Pictures aside, the output must consist of the lines from the one containing "Petfavorites Ombre Pearls" through the end of the data, reproduced exactly.

#### Data provided ####

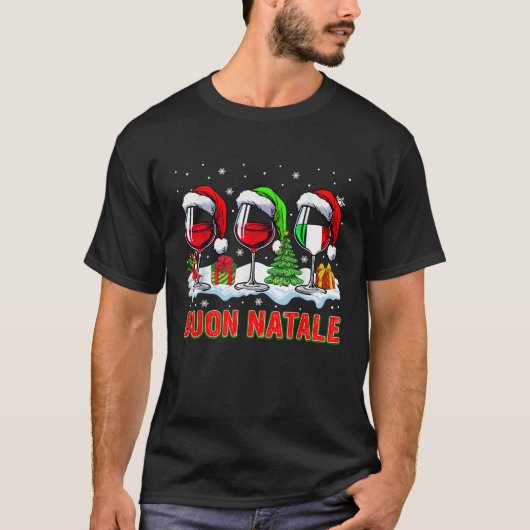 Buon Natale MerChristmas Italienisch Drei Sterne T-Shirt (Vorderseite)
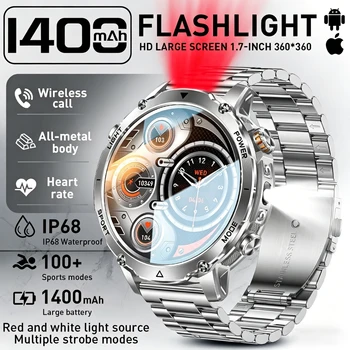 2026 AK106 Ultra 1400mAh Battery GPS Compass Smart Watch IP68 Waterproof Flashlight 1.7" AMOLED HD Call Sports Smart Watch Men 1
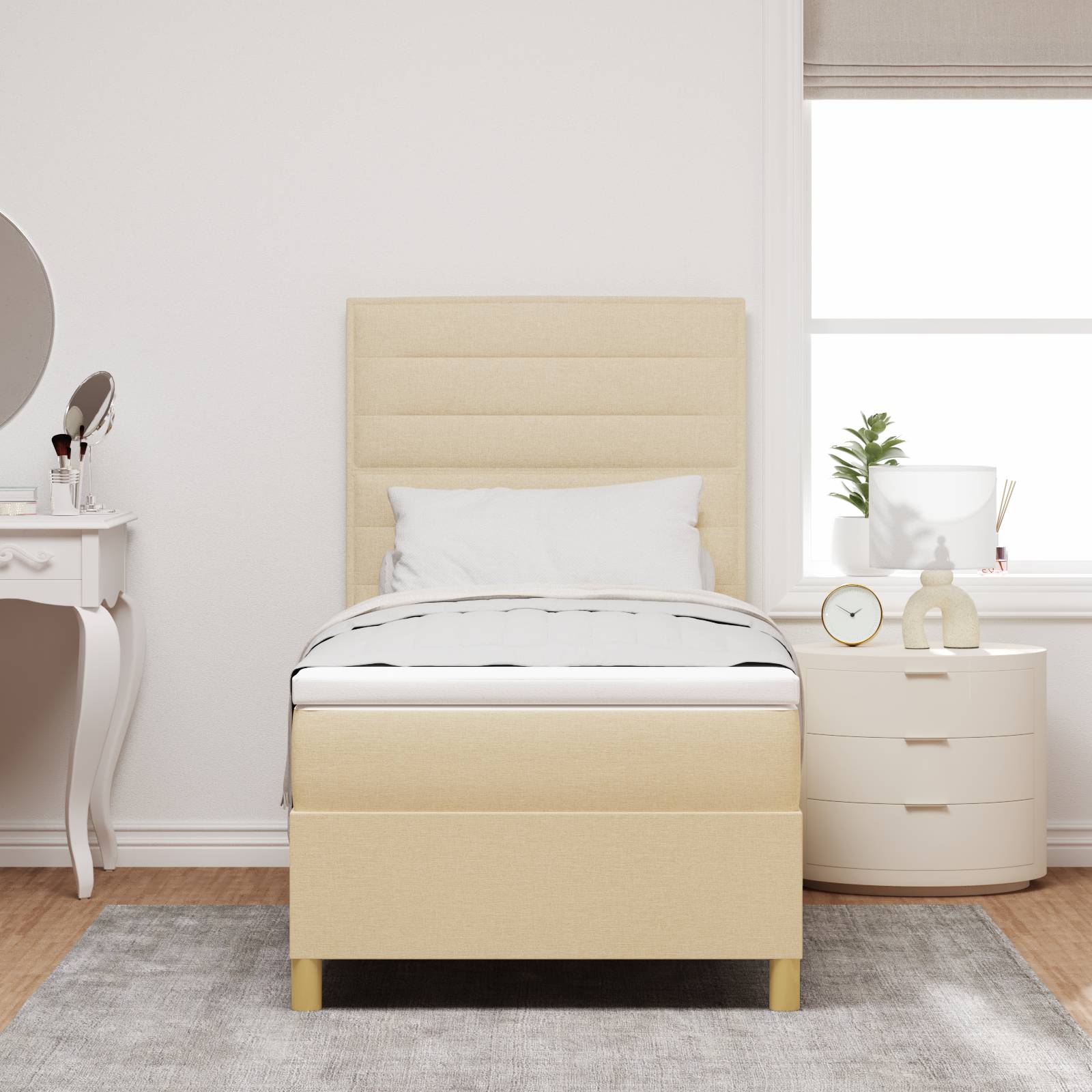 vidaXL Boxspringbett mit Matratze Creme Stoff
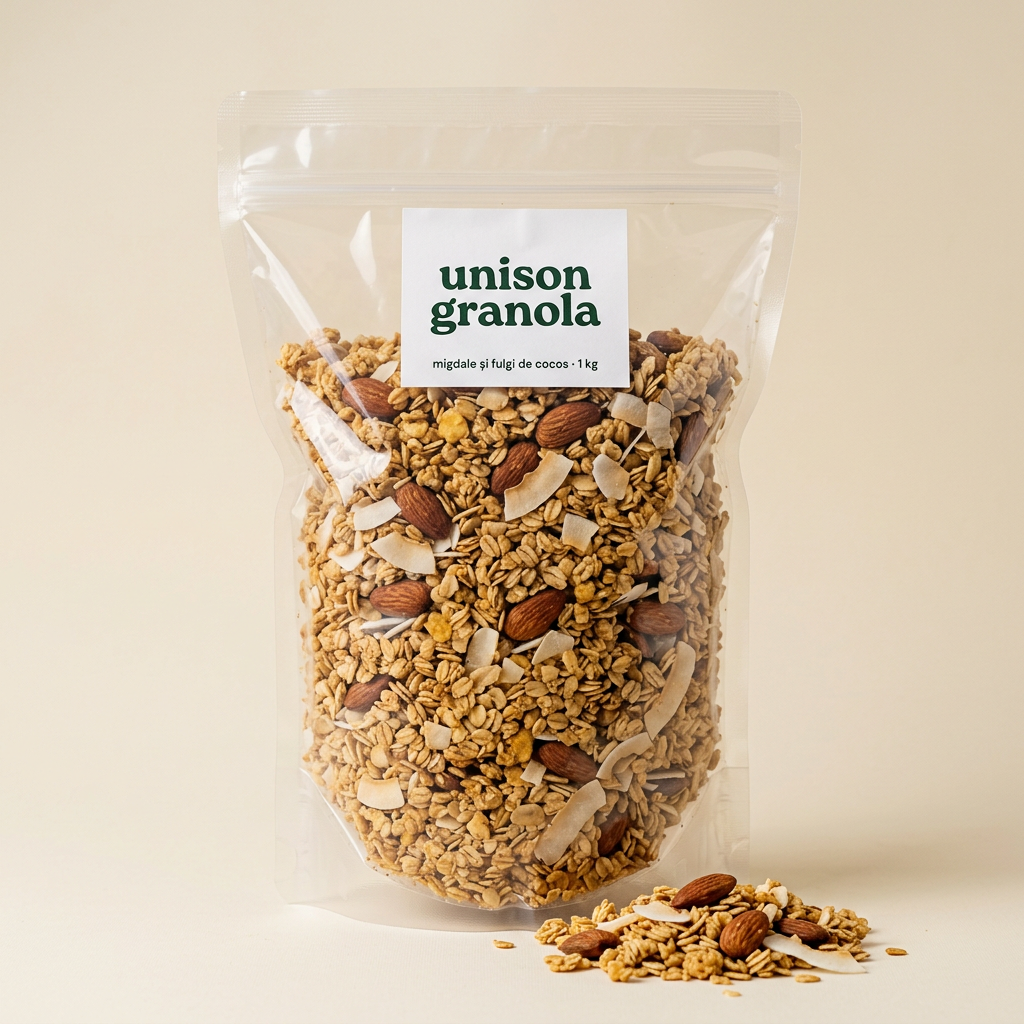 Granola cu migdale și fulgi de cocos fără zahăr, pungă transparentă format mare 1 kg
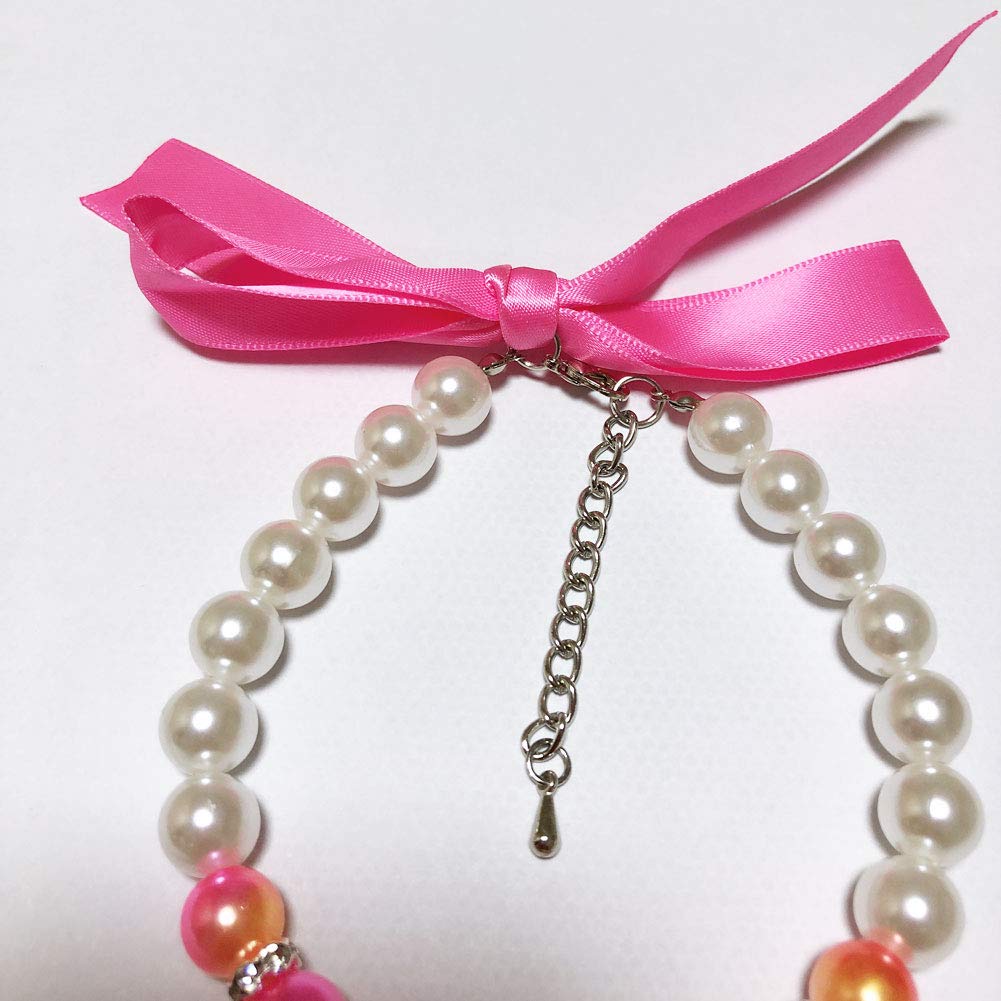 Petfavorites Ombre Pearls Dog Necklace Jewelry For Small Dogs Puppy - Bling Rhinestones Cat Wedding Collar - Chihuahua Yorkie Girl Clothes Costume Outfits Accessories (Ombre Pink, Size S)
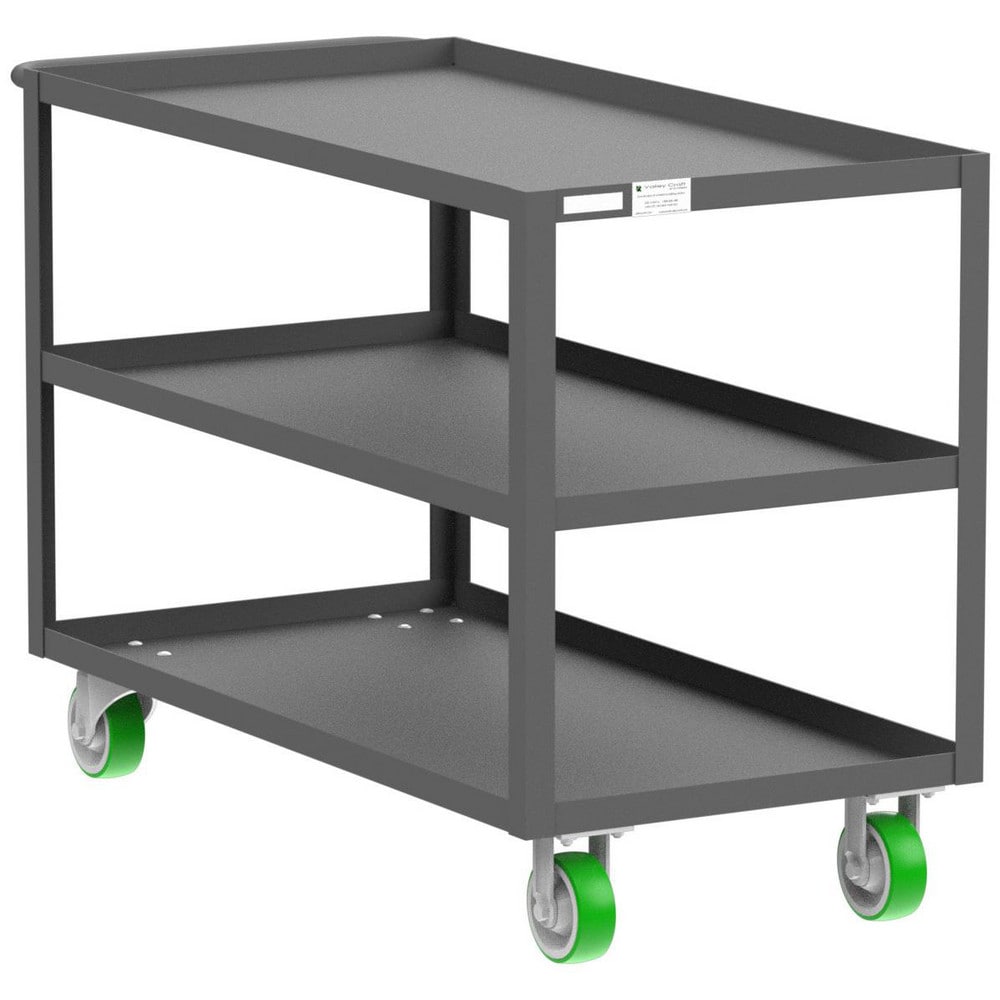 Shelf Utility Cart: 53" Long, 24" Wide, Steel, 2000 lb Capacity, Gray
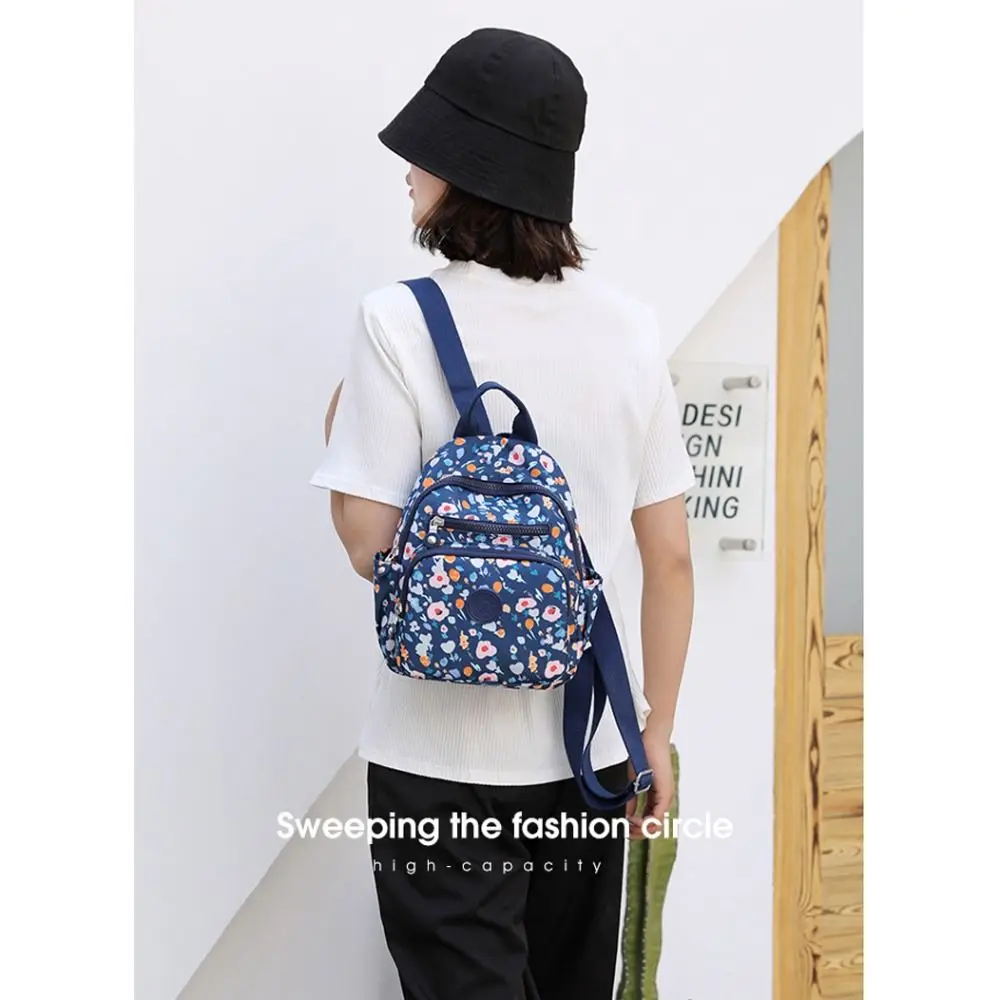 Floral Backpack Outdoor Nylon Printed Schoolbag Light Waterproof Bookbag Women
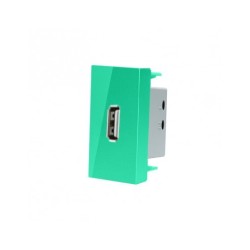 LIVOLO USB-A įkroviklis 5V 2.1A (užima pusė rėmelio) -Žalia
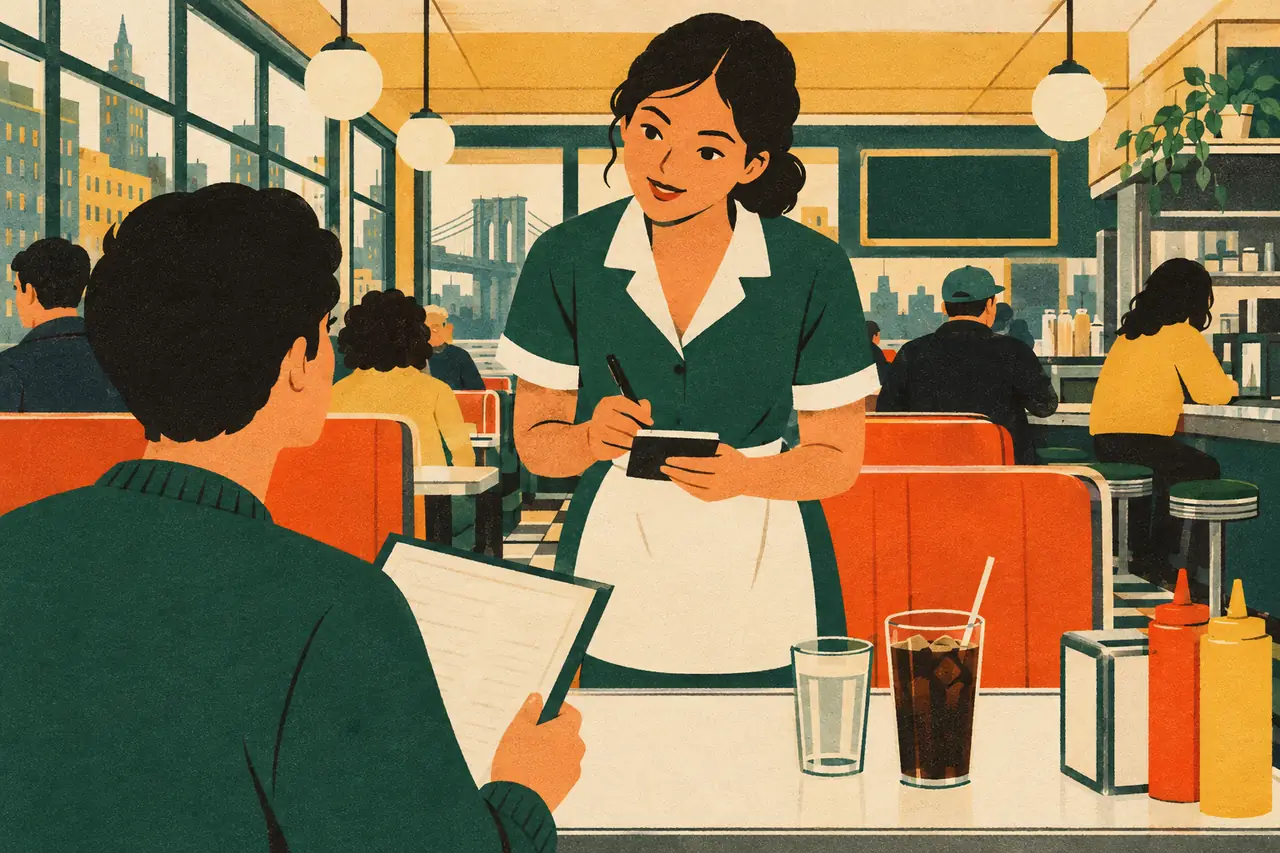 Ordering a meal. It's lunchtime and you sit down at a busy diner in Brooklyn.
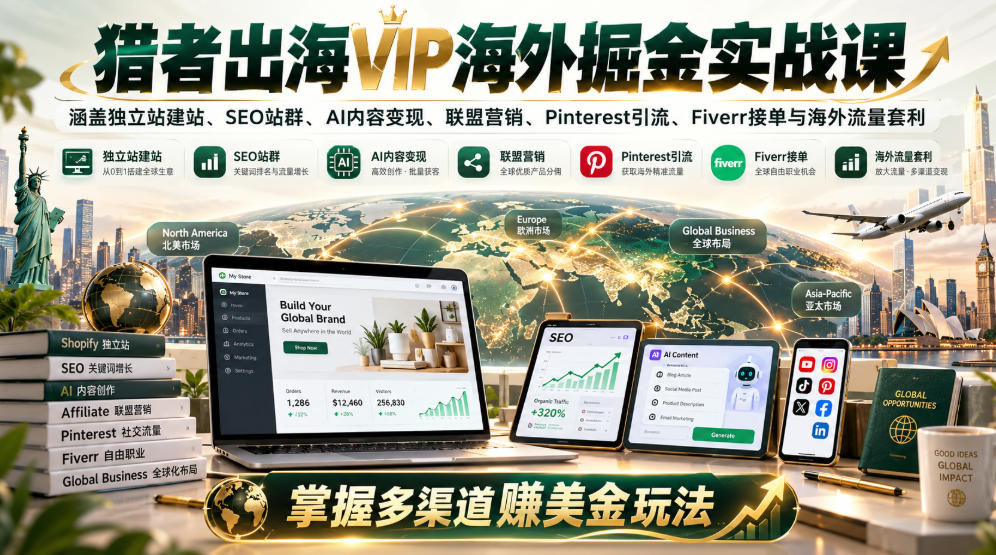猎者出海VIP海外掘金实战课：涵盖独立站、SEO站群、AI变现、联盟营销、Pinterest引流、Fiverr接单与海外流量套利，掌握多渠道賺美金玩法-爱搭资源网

####

Answer for the task:
 Petfavorites Ombre Pearls Dog Necklace Jewelry For Small Dogs Puppy - Bling Rhinestones Cat Wedding Collar - Chihuahua Yorkie Girl Clothes Costume Outfits Accessories (Ombre Pink, Size S)
 Shelf Utility Cart: 53" Long, 24" Wide, Steel, 2000 lb Capacity, Gray
 Floral Backpack Outdoor Nylon Printed Schoolbag Light Waterproof Bookbag Women
 LIVOLO USB-A įkroviklis 5V 2.1A (užima pusė rėmelio) -Žalia
 Ordering a meal. It's lunchtime and you sit down at a busy diner in Brooklyn.
猎者出海VIP海外掘金实战课：涵盖独立站、SEO站群、AI变现、联盟营销、Pinterest引流、Fiverr接单与海外流量套利，掌握多渠道賺美金玩法-爱搭资源网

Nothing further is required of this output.